Mais les expatriés français ne sont pas les seules cibles car demeure la question de l’attractivité des talents étrangers, de nature concurrentielle et plurielle. Si les chiffres (Français expatriés et talents étrangers) restent stables sur une dizaine d’années, la concurrence est vive car d’autres lieux d’implantations se sont ouverts depuis les années 2000, en Asie (Singapour) et en Europe (Londres, Munich, Zurich). Enjeu de communication pour les uns, la chasse aux talents est stratégique pour les territoires qui misent sur l’attractivité internationale, pour gagner des parts de marché et créer de l’emploi. Les talents aiment les hubs où il fait bon vivre et travailler, à l’intersection des flux de passage entre plusieurs mondes, cf. San Francisco, Vancouver, Singapour, Dubaï, Londres. La valeur ajoutée se crée par les échanges et la porosité des cultures et des savoirs. A ce titre, Aix-Marseille dispose d’un environnement prédisposé, au carrefour de deux civilisations extrêmement fertiles en matière d’innovation, la Méditerranée d’un côté, la vieille Europe de l’autre, sur lequel s’exercent des forces communautaires incroyablement labiles et complémentaires.
Comment cette métropole peut-elle dans ce contexte, tirer son épingle du jeu et attirer davantage de talents français et étrangers ?
Les talents définissent tous ceux et celles qui disposent d’un savoir-faire, d’une expérience internationale, d’un background académique a fort potentiel, d’une singularité exemplaire, d’une capacité d’impact et de leadership, beaucoup de monde en fin de compte si tant est que nous disposons tous d’un potentiel de talents enfouis -Publilius Syrus,1 siècle av. J.C., disait que «Quelque habile qu’on soit, les talents, la science, s’ils restent enfouis sont taxés d’ignorance»-, car c’est l’environnement qui facilite ou pas son éclosion. Si 2 millions de Français sont expatriés, environ 5% d’entre eux ont une propension à s’intéresser à notre territoire à des fins d’investissements, d’entreprenariats et/ ou de coaching/ mécénats/ conseils et ce dans tous les domaines : culturels, sportifs, économiques, associatifs. Malgré l’inflation des sonneries alarmistes concernant la France, notre pays résiste bien et mieux que ses voisins à la fuite des cerveaux avec un taux d’expatriation de 2,9 %, taux qui grimpe très légèrement depuis 10 ans (contre 7 % au Royaume Uni). La nouveauté est que les départs se font de façon plus autonome, qu’ils sont de plus en plus diplômés et qu’un sur cinq s’envole pour devenir entrepreneur. Serait-ce un message ?

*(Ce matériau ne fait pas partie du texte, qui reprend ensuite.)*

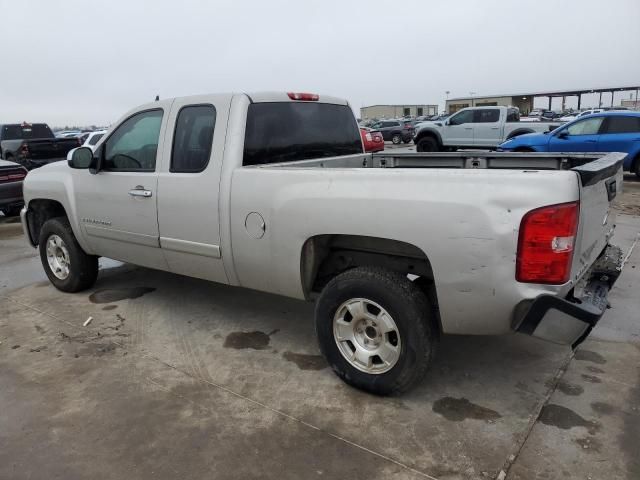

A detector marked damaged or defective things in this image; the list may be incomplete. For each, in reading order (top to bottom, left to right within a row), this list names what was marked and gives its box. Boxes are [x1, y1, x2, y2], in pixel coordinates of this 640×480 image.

damaged bumper [516, 246, 624, 346]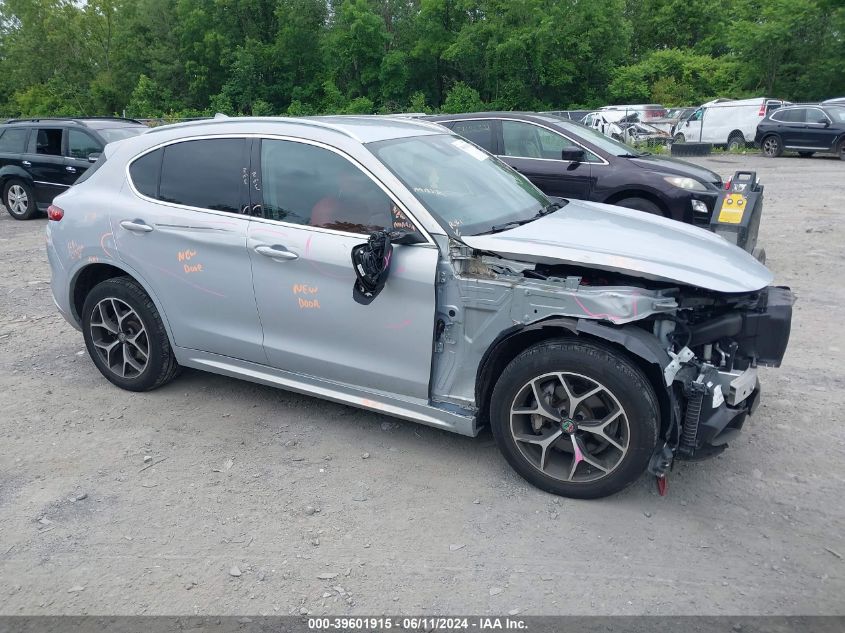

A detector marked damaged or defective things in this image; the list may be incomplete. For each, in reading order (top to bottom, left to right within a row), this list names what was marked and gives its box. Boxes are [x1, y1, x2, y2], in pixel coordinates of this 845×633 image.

damaged front end [432, 241, 796, 478]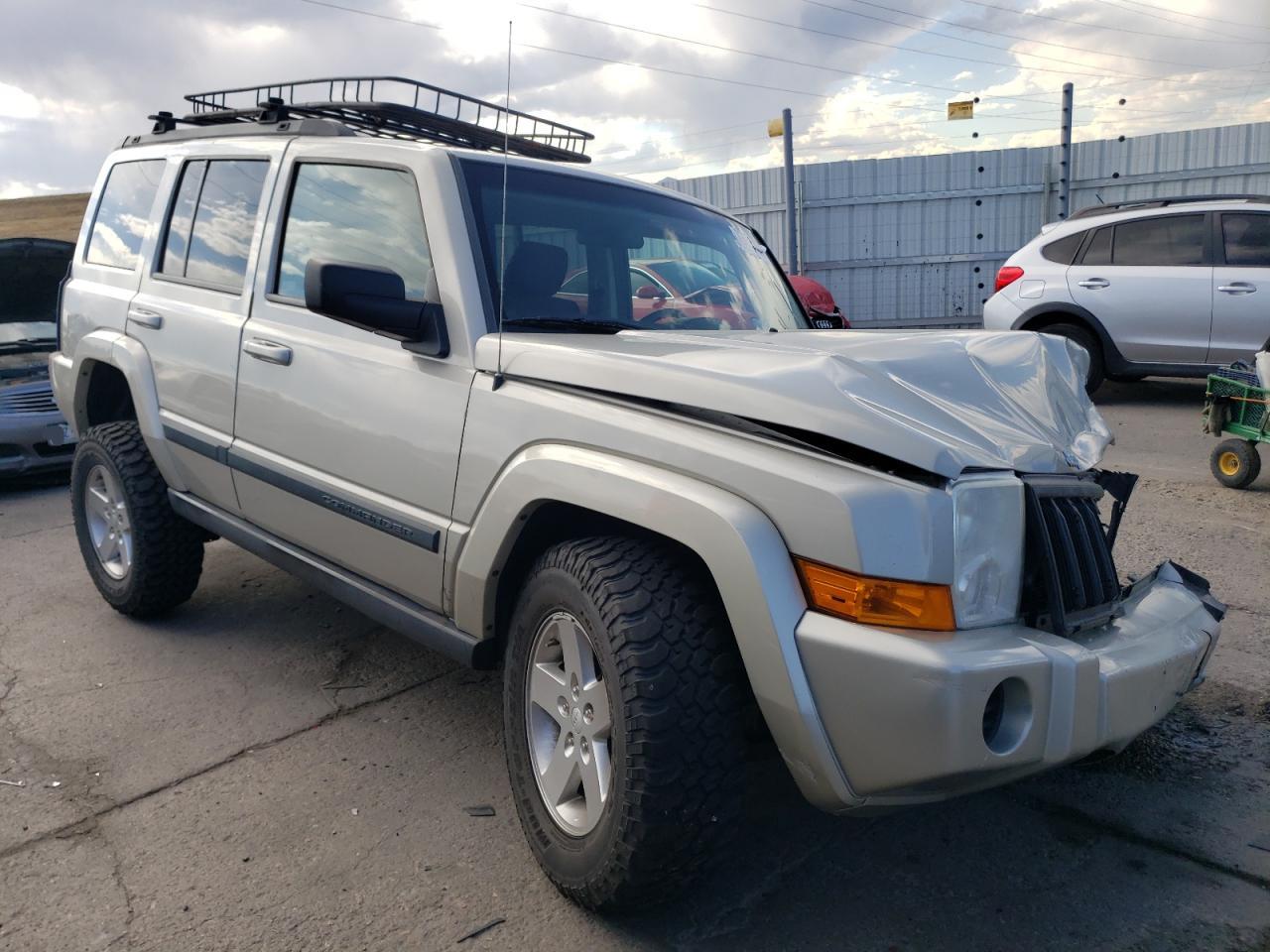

La Silicon Valley et Montreal hier, Singapour aujourd’hui, les départs se font vers des destinations qui leur semblent maximales pour réussir, la recette reste la même: proximité des chercheurs, des étudiants, des entrepreneurs et des entreprises innovantes au sein d’un terreau vertueux. La différence entre ceux qui réussissent à l’étranger et ceux qui échouent est que les premiers le clament haut et fort. Le taux d’échec d’entrepreneurs aux USA est cependant beaucoup plus important qu’en France, en rapport du nombre de ceux qui se lancent. L’assumer n’est pas réduire sa force d’attraction, mais la Provence n’est pas la Silicon Valley, car ni à la même échelle, ni histoire, ni culture, ni mode d’organisation sociale, associative communes, bien que possédant aux yeux de nombreux expatriés, des avantages comparatifs indéniables : Une marque territoriale reconnue de tous, une diversité industrielle exceptionnelle, une dynamique entrepreneuriale florissante, une infrastructure de recherche publique solide.

Affiche Home Sweet Home/ conférence à Palo Alto (2003)
Affiche Home Sweet Home/ conférence à Palo Alto (2003)

En fait, beaucoup de monde (talents) y pense mais peu, in fine, franchissent le Rubicon (3), car le choix reste risqué malgré l’appétence spontanée. Beaucoup parmi ceux interrogés installés ou retournés en France, regrettent la faiblesse du taux de rebonds économiques en cas d’échecs, s’agissant en substance pour la plupart de familles qui doivent se réinsérer avec conjoint et enfants, pas toujours facile.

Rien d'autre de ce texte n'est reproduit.